YOUR INSTRUCTIONS »
Transcribe, word for word and with nothing extra, the line containing "La Virgen de" and each line that comes after it in the entries.

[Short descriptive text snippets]
BEGIN

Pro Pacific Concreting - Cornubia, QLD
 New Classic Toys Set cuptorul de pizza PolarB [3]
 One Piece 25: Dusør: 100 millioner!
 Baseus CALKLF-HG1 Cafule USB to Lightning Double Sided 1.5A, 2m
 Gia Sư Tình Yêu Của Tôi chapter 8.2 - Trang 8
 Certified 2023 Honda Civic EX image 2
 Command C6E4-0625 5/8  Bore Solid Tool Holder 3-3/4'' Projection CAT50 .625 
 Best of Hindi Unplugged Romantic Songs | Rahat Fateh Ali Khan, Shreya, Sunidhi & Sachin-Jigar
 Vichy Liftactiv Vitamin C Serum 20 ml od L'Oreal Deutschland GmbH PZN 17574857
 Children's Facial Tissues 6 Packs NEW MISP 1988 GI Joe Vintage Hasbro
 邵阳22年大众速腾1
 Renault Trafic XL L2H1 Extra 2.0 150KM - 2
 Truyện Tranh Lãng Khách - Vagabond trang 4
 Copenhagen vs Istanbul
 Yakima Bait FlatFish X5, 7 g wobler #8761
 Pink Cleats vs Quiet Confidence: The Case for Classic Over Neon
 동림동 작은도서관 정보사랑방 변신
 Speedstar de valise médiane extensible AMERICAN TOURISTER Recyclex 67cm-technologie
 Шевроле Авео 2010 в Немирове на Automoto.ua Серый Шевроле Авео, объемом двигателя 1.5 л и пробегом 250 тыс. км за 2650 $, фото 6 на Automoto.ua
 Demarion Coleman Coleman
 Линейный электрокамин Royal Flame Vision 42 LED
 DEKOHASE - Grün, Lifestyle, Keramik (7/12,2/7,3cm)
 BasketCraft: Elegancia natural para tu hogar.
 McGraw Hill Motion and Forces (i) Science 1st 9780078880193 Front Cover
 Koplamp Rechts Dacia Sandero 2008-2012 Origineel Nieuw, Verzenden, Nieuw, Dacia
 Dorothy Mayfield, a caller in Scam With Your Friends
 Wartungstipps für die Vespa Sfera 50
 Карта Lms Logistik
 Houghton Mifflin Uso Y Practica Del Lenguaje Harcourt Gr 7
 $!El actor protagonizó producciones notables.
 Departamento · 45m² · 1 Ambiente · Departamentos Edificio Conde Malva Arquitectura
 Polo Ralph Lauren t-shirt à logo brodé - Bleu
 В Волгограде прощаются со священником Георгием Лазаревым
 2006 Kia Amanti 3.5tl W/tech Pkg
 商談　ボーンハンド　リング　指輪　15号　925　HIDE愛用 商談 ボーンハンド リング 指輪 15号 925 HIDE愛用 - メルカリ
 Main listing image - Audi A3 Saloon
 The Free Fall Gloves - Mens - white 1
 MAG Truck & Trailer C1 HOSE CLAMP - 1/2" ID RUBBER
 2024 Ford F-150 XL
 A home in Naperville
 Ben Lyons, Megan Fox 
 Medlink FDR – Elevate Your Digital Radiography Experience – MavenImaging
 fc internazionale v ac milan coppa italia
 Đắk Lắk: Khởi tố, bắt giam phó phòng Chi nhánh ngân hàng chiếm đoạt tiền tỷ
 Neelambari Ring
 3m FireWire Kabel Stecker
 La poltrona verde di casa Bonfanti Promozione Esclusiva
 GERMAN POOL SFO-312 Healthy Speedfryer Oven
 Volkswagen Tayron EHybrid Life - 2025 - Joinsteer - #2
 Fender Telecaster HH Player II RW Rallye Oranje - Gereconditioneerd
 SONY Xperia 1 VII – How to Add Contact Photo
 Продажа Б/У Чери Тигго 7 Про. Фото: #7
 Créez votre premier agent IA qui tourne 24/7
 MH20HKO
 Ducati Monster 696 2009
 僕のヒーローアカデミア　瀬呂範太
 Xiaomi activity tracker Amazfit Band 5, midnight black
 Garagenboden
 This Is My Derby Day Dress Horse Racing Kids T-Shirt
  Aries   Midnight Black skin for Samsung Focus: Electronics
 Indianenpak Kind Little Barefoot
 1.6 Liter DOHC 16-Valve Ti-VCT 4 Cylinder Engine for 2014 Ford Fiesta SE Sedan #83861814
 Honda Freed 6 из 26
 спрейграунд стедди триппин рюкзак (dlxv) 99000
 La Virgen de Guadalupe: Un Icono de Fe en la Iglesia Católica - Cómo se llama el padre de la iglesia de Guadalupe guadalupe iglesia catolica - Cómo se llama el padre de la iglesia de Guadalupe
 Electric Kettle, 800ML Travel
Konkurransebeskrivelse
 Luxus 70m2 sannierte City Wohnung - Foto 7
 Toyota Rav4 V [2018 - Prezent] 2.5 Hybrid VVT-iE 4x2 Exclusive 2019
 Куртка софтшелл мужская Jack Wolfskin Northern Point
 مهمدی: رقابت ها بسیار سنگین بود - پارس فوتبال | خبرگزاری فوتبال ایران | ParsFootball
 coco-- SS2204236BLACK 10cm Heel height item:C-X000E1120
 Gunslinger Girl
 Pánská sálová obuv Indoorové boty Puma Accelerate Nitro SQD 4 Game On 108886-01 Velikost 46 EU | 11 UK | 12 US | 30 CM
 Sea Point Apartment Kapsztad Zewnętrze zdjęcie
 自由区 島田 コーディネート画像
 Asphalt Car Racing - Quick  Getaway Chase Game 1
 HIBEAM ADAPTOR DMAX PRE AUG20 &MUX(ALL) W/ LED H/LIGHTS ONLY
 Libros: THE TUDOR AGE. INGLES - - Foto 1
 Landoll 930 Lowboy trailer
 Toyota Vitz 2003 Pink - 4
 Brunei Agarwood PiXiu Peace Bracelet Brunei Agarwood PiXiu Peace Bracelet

END

COMPLETED EXERCISE »
 La Virgen de Guadalupe: Un Icono de Fe en la Iglesia Católica - Cómo se llama el padre de la iglesia de Guadalupe guadalupe iglesia catolica - Cómo se llama el padre de la iglesia de Guadalupe
 Electric Kettle, 800ML Travel
Konkurransebeskrivelse
 Luxus 70m2 sannierte City Wohnung - Foto 7
 Toyota Rav4 V [2018 - Prezent] 2.5 Hybrid VVT-iE 4x2 Exclusive 2019
 Куртка софтшелл мужская Jack Wolfskin Northern Point
 مهمدی: رقابت ها بسیار سنگین بود - پارس فوتبال | خبرگزاری فوتبال ایران | ParsFootball
 coco-- SS2204236BLACK 10cm Heel height item:C-X000E1120
 Gunslinger Girl
 Pánská sálová obuv Indoorové boty Puma Accelerate Nitro SQD 4 Game On 108886-01 Velikost 46 EU | 11 UK | 12 US | 30 CM
 Sea Point Apartment Kapsztad Zewnętrze zdjęcie
 自由区 島田 コーディネート画像
 Asphalt Car Racing - Quick  Getaway Chase Game 1
 HIBEAM ADAPTOR DMAX PRE AUG20 &MUX(ALL) W/ LED H/LIGHTS ONLY
 Libros: THE TUDOR AGE. INGLES - - Foto 1
 Landoll 930 Lowboy trailer
 Toyota Vitz 2003 Pink - 4
 Brunei Agarwood PiXiu Peace Bracelet Brunei Agarwood PiXiu Peace Bracelet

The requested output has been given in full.